## ABOUT THIS EXERCISE
What is needed is a word-for-word copy of the lines below from the one with "Used 2021 Hyundai" through the one with "Willard (1971)", both included, with every picture left out.

[Short descriptive text snippets]
========================================

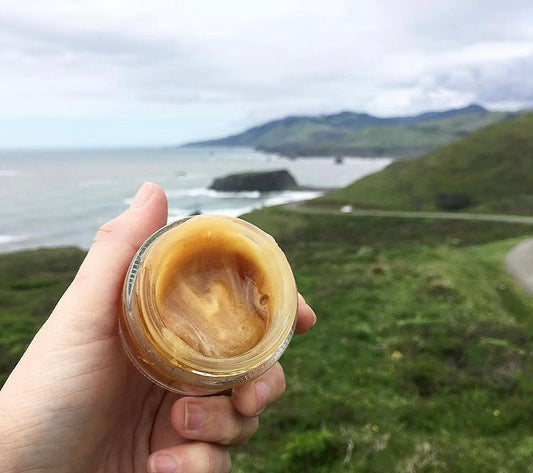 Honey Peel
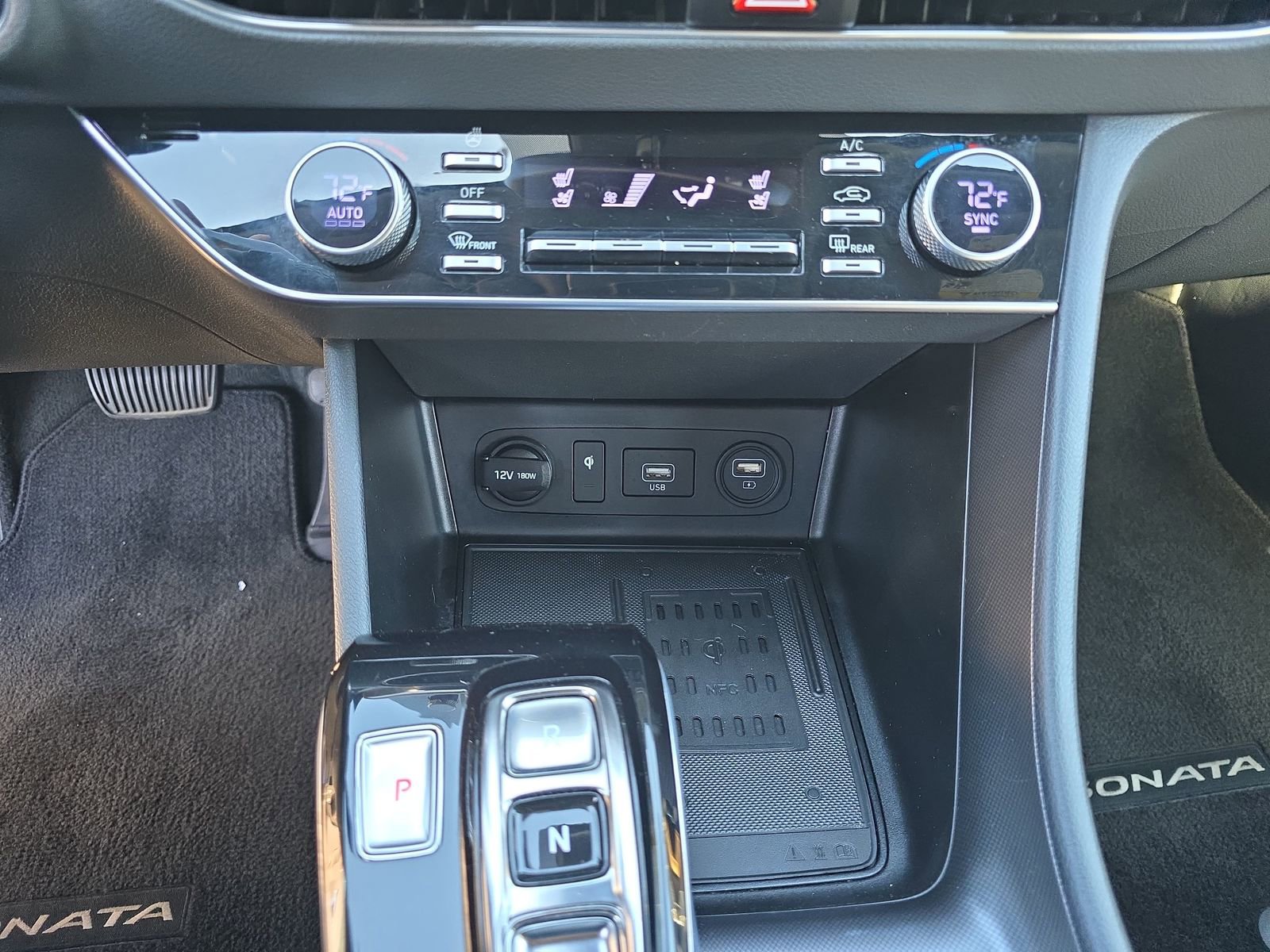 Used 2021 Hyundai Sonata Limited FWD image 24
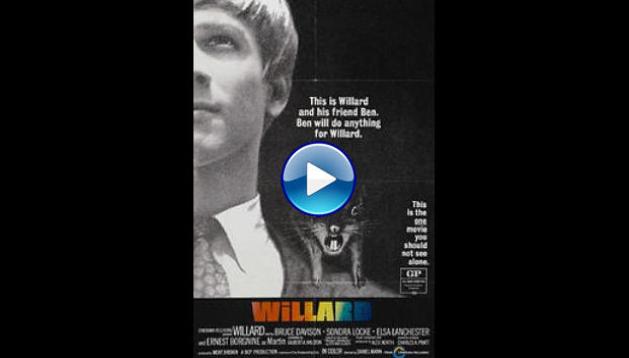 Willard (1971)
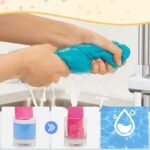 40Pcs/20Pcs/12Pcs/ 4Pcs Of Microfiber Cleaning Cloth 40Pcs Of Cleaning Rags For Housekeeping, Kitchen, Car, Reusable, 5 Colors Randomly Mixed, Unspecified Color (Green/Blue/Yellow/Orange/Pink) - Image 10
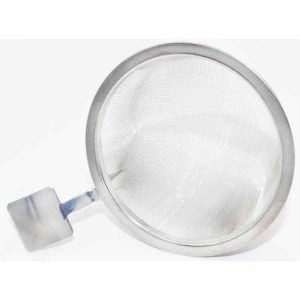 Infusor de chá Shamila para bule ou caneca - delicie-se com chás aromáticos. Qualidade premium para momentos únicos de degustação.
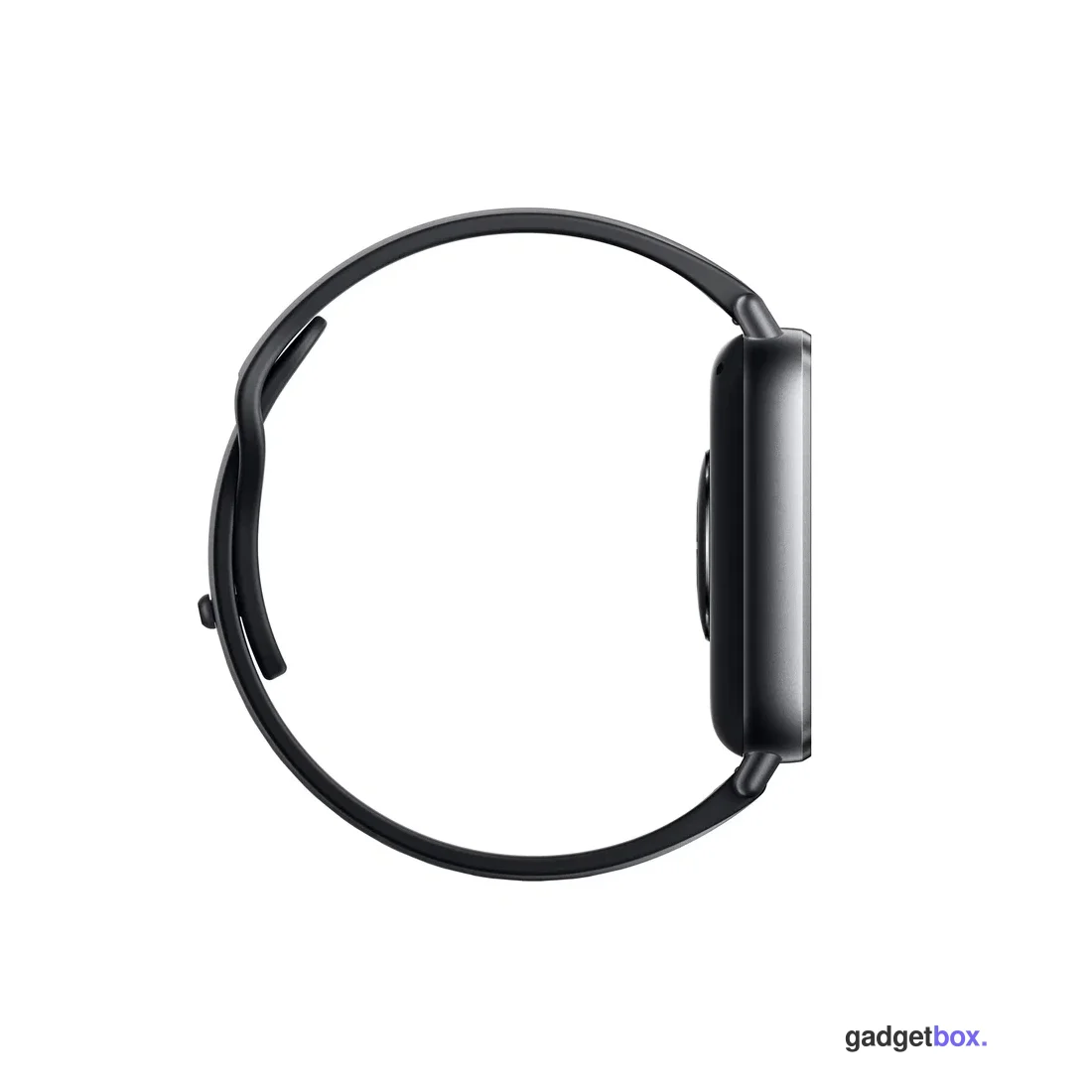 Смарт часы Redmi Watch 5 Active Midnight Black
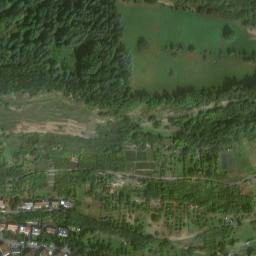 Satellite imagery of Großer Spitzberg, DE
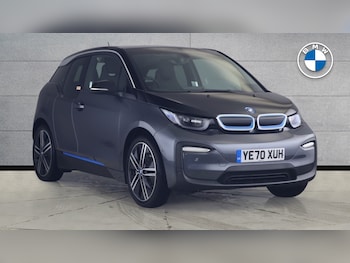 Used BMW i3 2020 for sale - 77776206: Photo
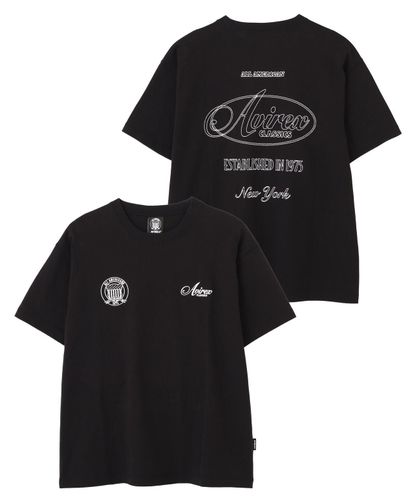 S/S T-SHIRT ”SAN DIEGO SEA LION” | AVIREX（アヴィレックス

========================================

## SOLUTION FOR THIS PROBLEM
 Used 2021 Hyundai Sonata Limited FWD image 24
 Willard (1971)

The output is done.